What is your character’s most prized possession?
There may not ever be a chance to reveal this in story, but I still think it’s helpful to know. Does s/he value gold and jewels? A mere trinket? A place? An idea? What a person is willing to fight for is very character revealing.
What is a lie your character recently told?
Everyone lies. People lie on average four times a day. We lie to our bosses, our lovers, our selves. And what people hide is often more revealing that what they show.
We all think about what our characters look like, their mannerisms and ticks, but in order to write compelling characters, we must show who a character is—which is more than a sum of his or her traits.
What’s important is to make them part of the scene rather than reveal them through exposition.
Some writing tips are so basic, it can seem unnecessary to say. But those are the ones I think it’s important to constantly revisit.
In getting to know characters, it’s important to assess what they want.
What are your character’s big ticket wants?
Without an overarching goal propelling your character forward, there is no story.
But every scene can’t be about main goal. Still, it has to have a conflict.
What are your character’s small ticket wants?
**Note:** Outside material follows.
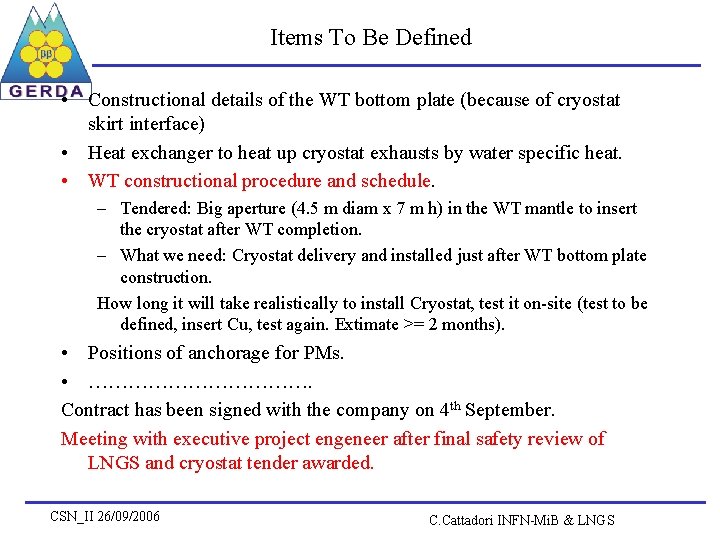 Items To Be Defined • Constructional details of the WT bottom plate (because of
Because sometimes, we just have to go to the bathroom. The example of how to create tension in a scene when the focus is a small ticket want was the opening scene of Buffalo ’66. Vincent Gallo’s character has been released from prison wearing a thin jean jacket into a snowstorm. Then he has to pee. There’s no dialogue or real “action” for several minutes. Yet we learn a lot about his character in those minutes. It’s easy to relate to a character who needs a heavier coat and has to pee.